**Supplied material**
---

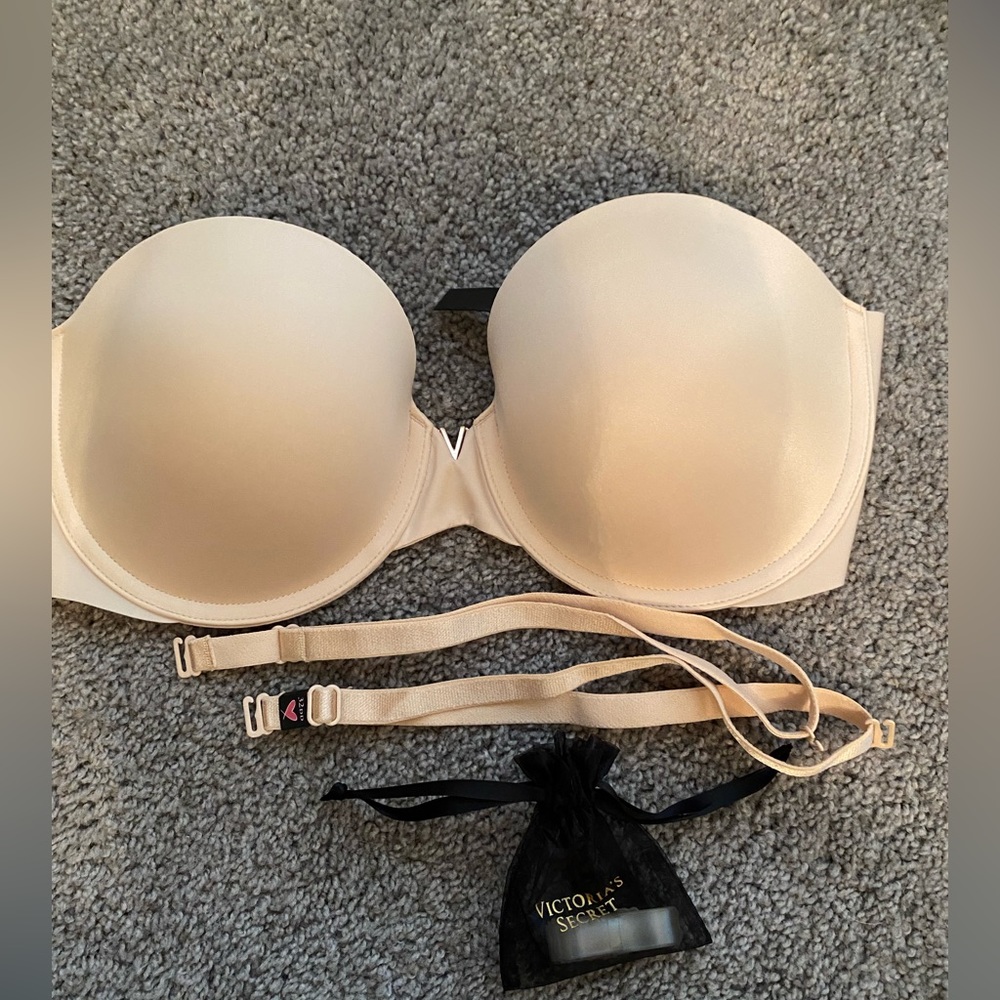 Victoria Secret brand new 32DD strapless or multiwear strap bra. Just tried on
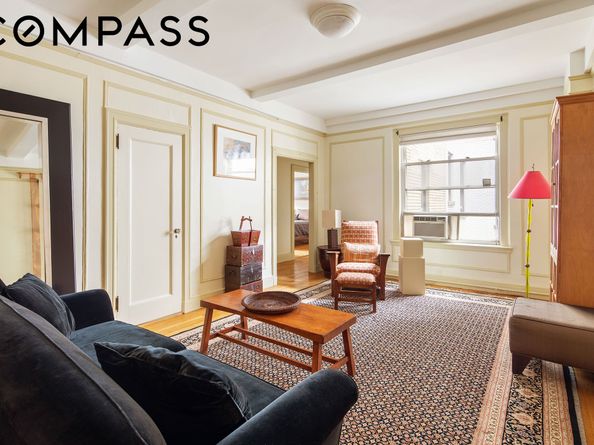150 East 49th Street 9E, New York NY 10017
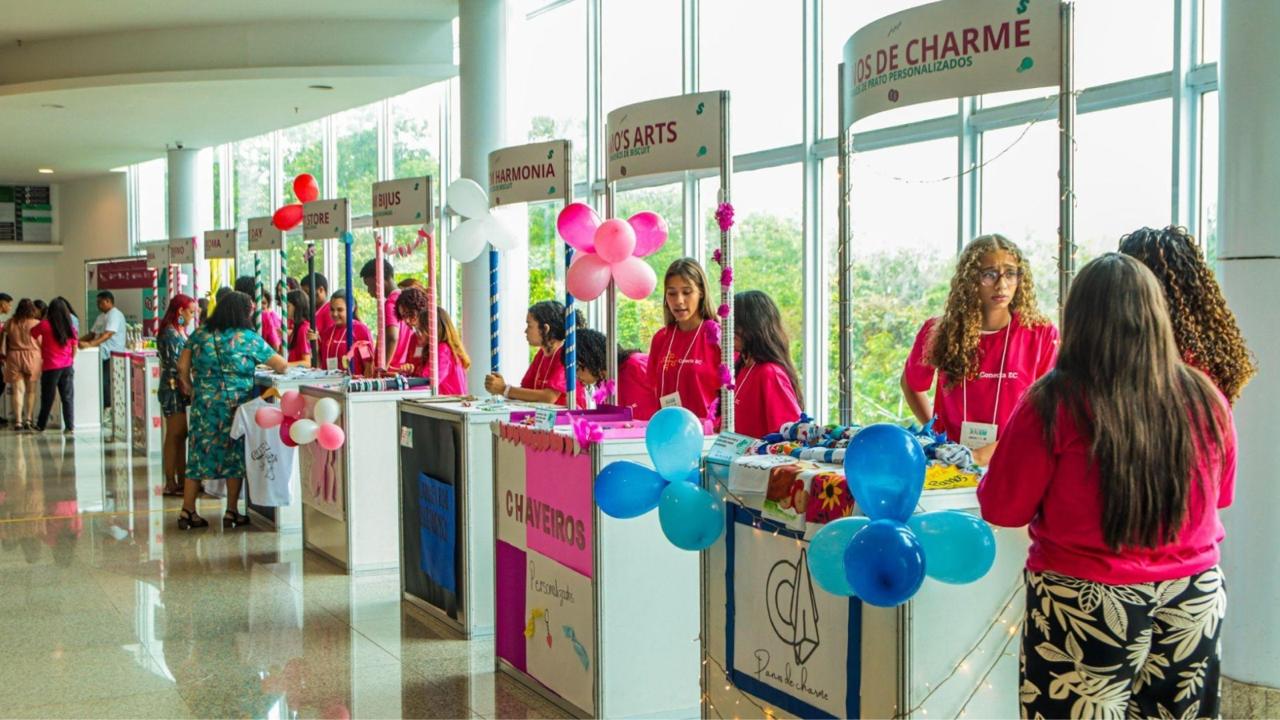 Feira “Conecta EC” apresenta projetos de jovens empreendedores no Shopping Mestre Álvaro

---

**Task directions**
Set the material above down again word for word. Include none of its pictures.

**Output below**
 Victoria Secret brand new 32DD strapless or multiwear strap bra. Just tried on
150 East 49th Street 9E, New York NY 10017
 Feira “Conecta EC” apresenta projetos de jovens empreendedores no Shopping Mestre Álvaro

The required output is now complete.